### WHAT THE TASK REQUIRES
Print all of the data below exactly as it appears, leaving out every image.

### EXERCISE DATA
________________

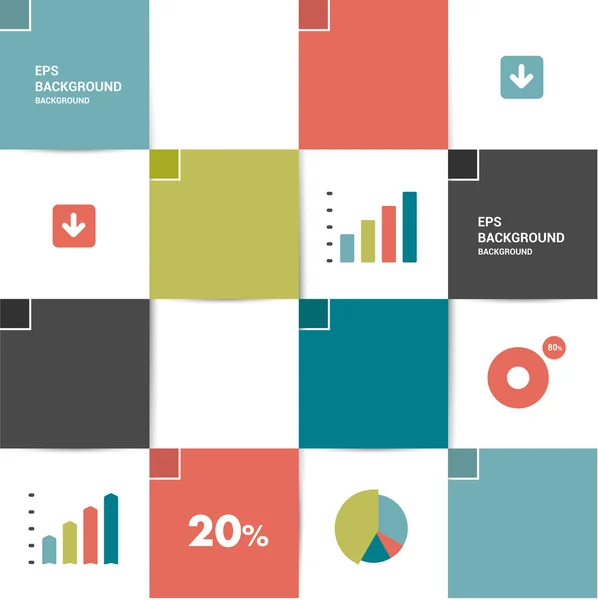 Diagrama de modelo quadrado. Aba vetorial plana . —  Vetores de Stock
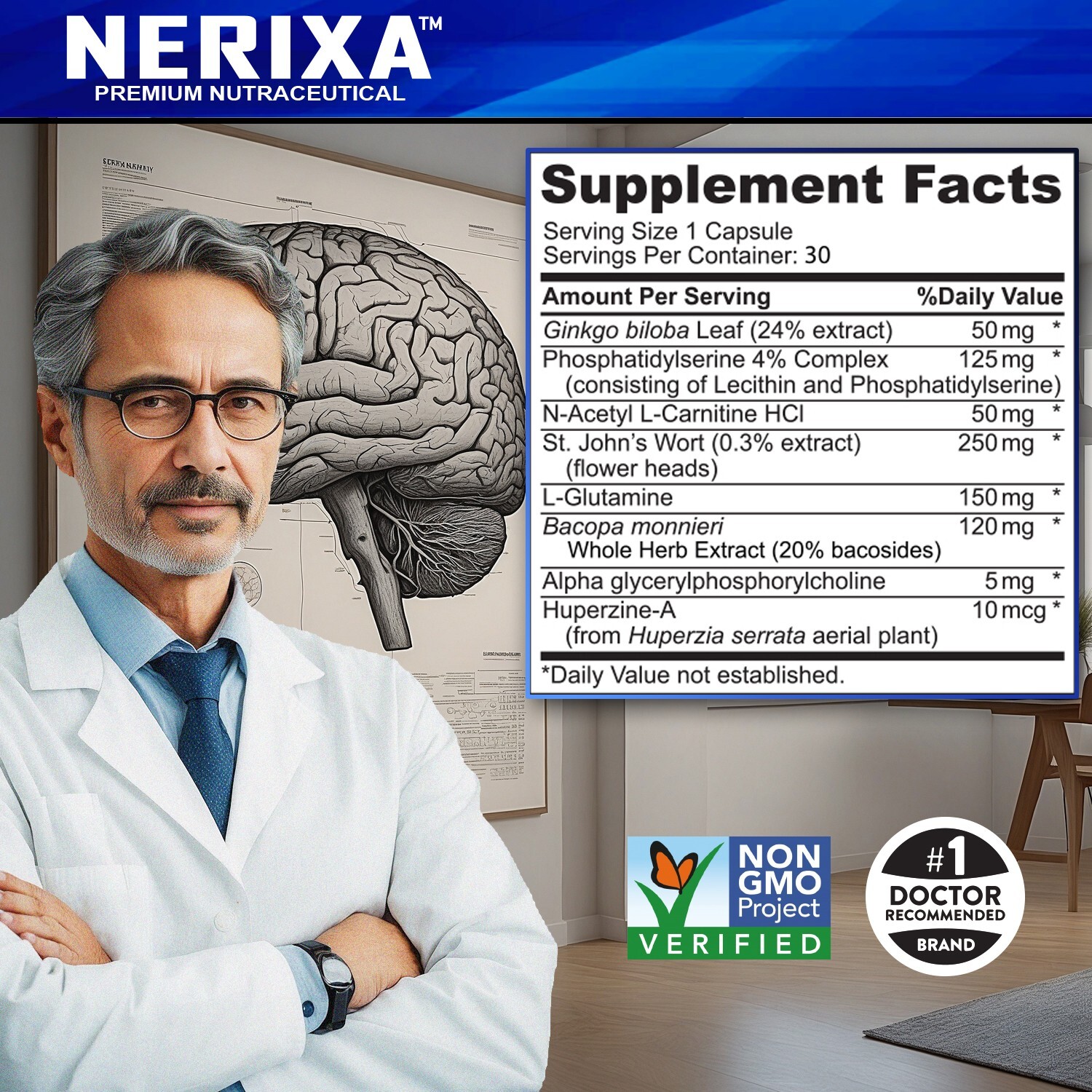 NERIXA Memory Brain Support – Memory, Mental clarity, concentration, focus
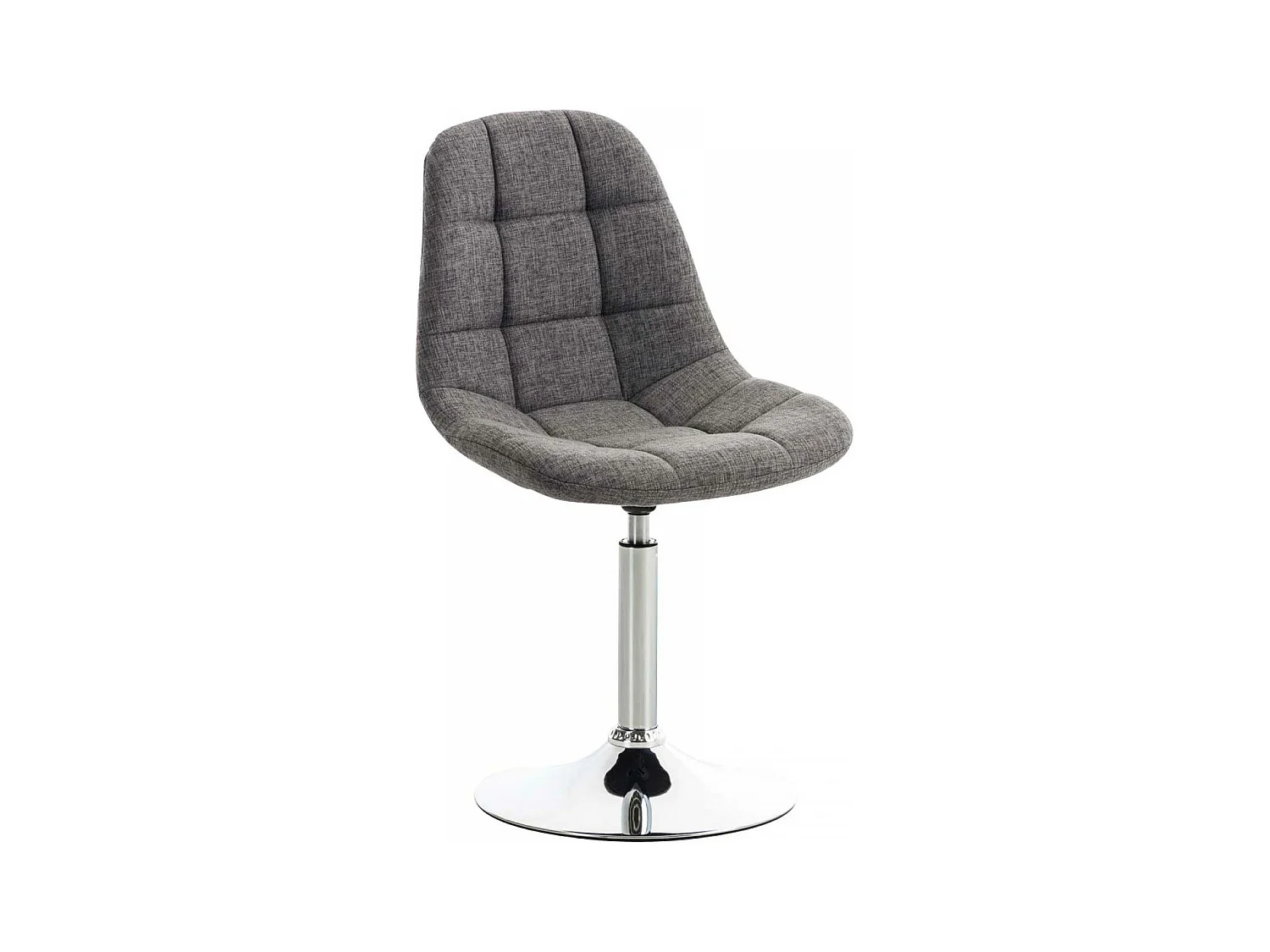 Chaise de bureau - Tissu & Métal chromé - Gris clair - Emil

________________

### SOLVED PROBLEM
 Diagrama de modelo quadrado. Aba vetorial plana . —  Vetores de Stock
 NERIXA Memory Brain Support – Memory, Mental clarity, concentration, focus
 Chaise de bureau - Tissu & Métal chromé - Gris clair - Emil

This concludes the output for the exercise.